From the top of the records below, return each line exactly, ending with the line that contains "Salvage Chevrolet Avalanche 1500".

Start of Data

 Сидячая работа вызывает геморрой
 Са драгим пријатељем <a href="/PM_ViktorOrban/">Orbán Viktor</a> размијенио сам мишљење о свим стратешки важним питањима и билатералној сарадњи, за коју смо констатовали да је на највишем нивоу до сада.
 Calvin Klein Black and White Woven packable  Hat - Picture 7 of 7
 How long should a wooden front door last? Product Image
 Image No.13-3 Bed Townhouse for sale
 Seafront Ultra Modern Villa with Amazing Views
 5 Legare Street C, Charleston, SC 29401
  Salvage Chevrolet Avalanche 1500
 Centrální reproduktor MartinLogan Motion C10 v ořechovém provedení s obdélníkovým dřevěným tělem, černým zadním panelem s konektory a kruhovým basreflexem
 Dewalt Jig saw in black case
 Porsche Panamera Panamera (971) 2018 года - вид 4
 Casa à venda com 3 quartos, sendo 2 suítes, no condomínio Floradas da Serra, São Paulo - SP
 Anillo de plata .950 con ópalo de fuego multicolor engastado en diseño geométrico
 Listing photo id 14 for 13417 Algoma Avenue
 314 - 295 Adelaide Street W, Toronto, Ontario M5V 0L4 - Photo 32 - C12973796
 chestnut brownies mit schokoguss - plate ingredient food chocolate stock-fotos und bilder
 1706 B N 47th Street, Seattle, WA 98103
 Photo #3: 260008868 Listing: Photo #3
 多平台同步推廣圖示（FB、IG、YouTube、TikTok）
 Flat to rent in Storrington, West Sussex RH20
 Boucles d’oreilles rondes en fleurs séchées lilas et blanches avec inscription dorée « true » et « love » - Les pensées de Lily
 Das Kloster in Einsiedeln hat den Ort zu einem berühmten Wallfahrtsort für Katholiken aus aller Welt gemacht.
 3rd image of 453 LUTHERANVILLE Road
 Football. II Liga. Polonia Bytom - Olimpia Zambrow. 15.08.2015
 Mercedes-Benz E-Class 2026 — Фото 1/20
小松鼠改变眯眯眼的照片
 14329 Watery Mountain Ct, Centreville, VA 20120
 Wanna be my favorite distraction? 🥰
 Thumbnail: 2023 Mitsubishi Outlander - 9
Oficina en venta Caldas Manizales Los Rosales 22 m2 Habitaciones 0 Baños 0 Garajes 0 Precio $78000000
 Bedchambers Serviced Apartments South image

End of Data

◆ Result below ◆
 Сидячая работа вызывает геморрой
 Са драгим пријатељем <a href="/PM_ViktorOrban/">Orbán Viktor</a> размијенио сам мишљење о свим стратешки важним питањима и билатералној сарадњи, за коју смо констатовали да је на највишем нивоу до сада.
 Calvin Klein Black and White Woven packable  Hat - Picture 7 of 7
 How long should a wooden front door last? Product Image
 Image No.13-3 Bed Townhouse for sale
 Seafront Ultra Modern Villa with Amazing Views
 5 Legare Street C, Charleston, SC 29401
  Salvage Chevrolet Avalanche 1500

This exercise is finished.